What is Duplicate Content?

January 26th, 2009 by Linda Bustos

If a search engine returned a bunch of results for your search query that were all pretty much the same, you would get a bit irritated, wouldn’t you? Search engines understand this, and have tweaked their algorithms to filter very similar pages so you get a range of results that are relevant, but still different enough.

According to Google, duplicate content generally refers to blocks of content on one website or across multiple domains that are either identical or almost identical. For example, a product manufacturer may issue a product description which is used by the majority of its resellers across their websites (across domains). Or, the reseller may have that product description appear on multiple pages (with different URLs) on its own site, perhaps under several categories like Power Tools, Specials and Top Rated.

Also, affiliates may link to a manufacturer’s site with an affiliate tracking ID at the end, like www.manufacturersite.com/product-category/product-ID?=1234 which creates a copy of the page in the search engine index when the search engine follows the link on the affiliate page (because that’s how search engines find pages, by following links!)
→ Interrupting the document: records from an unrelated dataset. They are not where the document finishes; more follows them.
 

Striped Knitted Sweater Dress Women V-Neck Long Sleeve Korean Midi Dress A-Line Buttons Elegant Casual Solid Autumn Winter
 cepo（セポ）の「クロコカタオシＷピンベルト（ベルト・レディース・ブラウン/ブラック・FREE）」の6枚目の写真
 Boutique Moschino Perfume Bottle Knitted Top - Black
Duplicate content is usually unintentional, like the manufacturer example above. In other cases, content is being “scraped” (stolen) and republished across spam sites, or being duplicated by shady search engine optimizers across multiple domains to manipulate search rankings. Translated pages and the occasional block of text (like a shipping policy) repeated across a site are not considered duplicate content.
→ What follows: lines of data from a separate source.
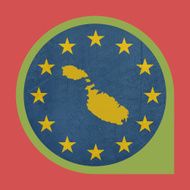 European Union Malta marker button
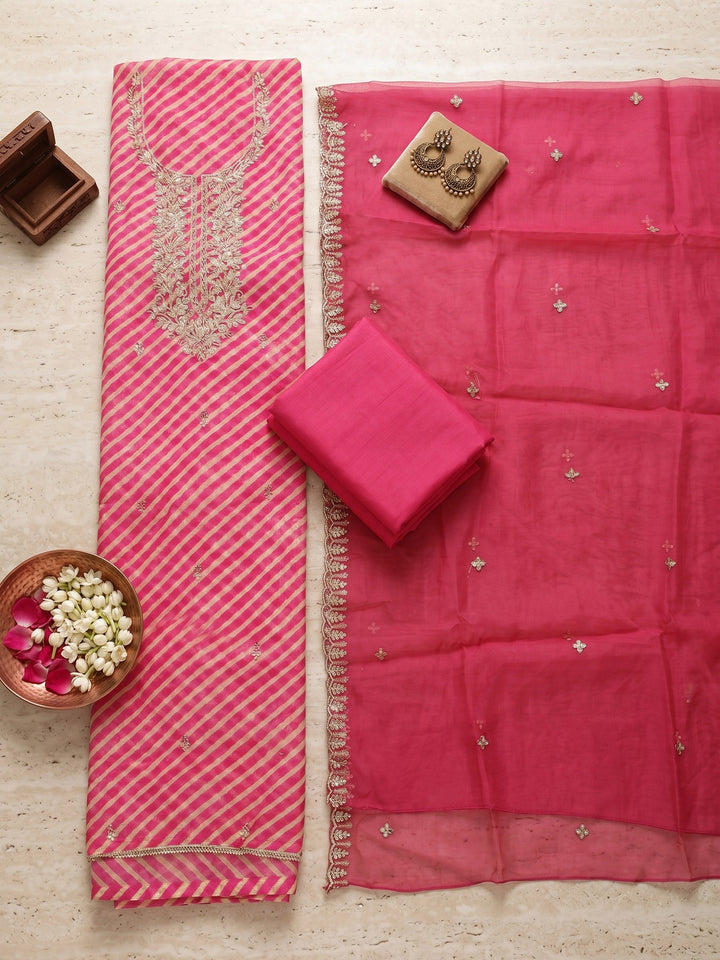 Neck Embroidered Organza Unstitched Suit With Dupatta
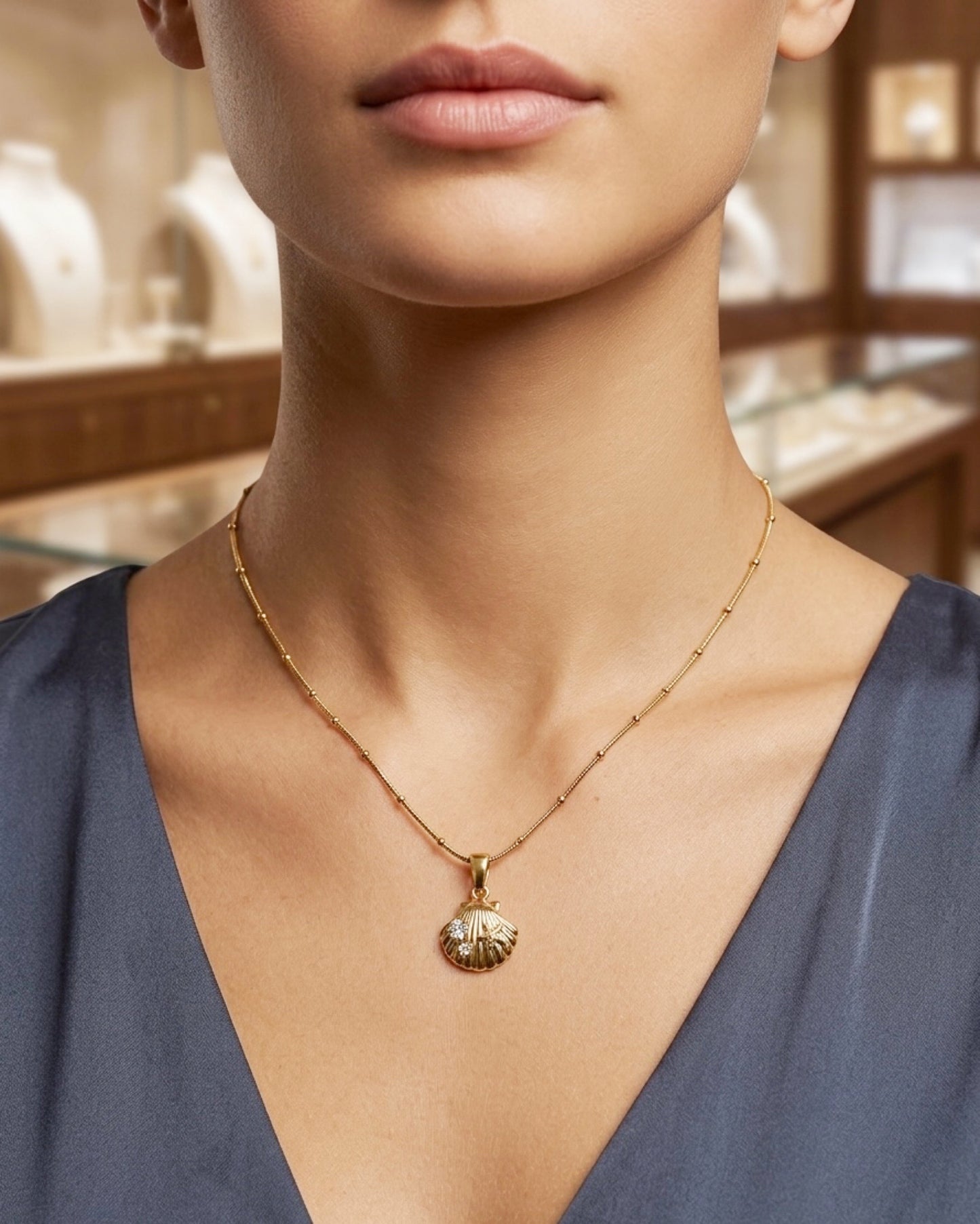 Shell Pendant Chain Necklace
Google and other search engines want to deliver a variety of useful results, and apply filters to the duplicate content in their indexes as best they can. Why this is a problem is:

a. When you have the same content as other domains, Google may not even display your page. The more sites have the same content, the lower your chances of appearing.
b. When you have duplicate content on your own site, you can’t control which page Google picks for results – it may be your print-friendly page, for example.

There is another way duplicate content can hurt your search engine rankings – it can dilute your “link juice.” Incoming links are very important for search engine rankings — and perhaps the most important factor when Google determines search rankings. Inbound links are like “votes” from other sites that tell a search engine your page is worth linking to (and worth reading). When a search engine sees 2 pages with the same or near-identical content, it may filter the one with less links pointing to it.
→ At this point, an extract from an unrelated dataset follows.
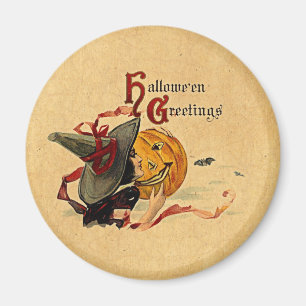 Aimant Sorcière vintage d'Halloween avec rubans rouges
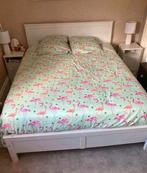 Prachtig wit houten bed Leen Bakker 140/200+boxbed&matras, Ophalen, Zo goed als nieuw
It’s not uncommon for a site to have multiple copies of its home page accessible to visitors and indexed in search engines, for example:

http://yoursite.com
http://www.yoursite.com
http://www.yoursite.com/en/home
http://www.yoursite.com/

These are all different URLs, and each count as different URLs. If some sites link to your www.yoursite.com version, some to your non-www and so on, links to essentially the same page are split across 4 URLs. So what could have been 8 links pointing to one page could be 2 links pointing to 4. And Google will only display one in search engines, so it picks one, and attributes only 2 links to it.

301 Redirects to the Rescue

You should choose one URL and set up 301 permanent redirects to tell search engines to pass the link credit from all pages that redirect to the page you choose (essentially add the links together).

Which version should you redirect to? It’s up to you, it really doesn’t matter, as long as you pick one. You should set this up at the site level so all links to deeper pages on your site will redirect from www to non-www or vice versa also. You can set this up in your .htaccess file.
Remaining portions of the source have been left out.